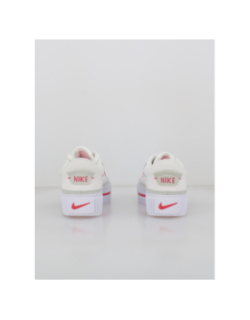 Baskets plateformes court legacy lift blanc rose femme - Nike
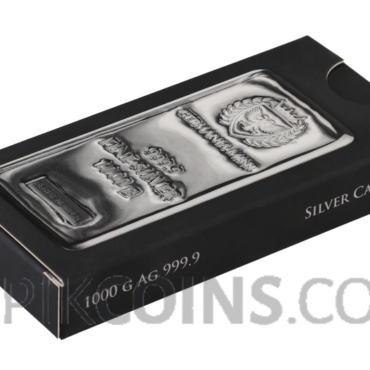 Silver Cast Bar 1000g - Germania Mint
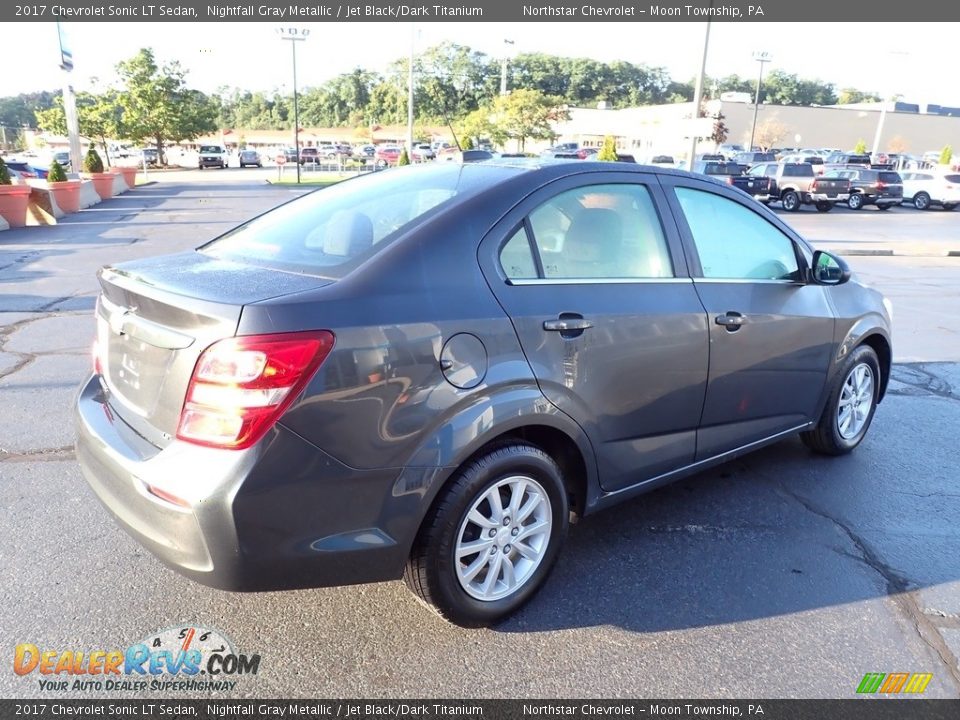 2017 Chevrolet Sonic LT Sedan Nightfall Gray Metallic / Jet Black/Dark Titanium Photo #9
------------------------------------
■ WORK REQUEST ■
Every line above should be reproduced exactly, please, with no pictures included.

■ EXPECTED ANSWER ■
 Baskets plateformes court legacy lift blanc rose femme - Nike
 Silver Cast Bar 1000g - Germania Mint
 2017 Chevrolet Sonic LT Sedan Nightfall Gray Metallic / Jet Black/Dark Titanium Photo #9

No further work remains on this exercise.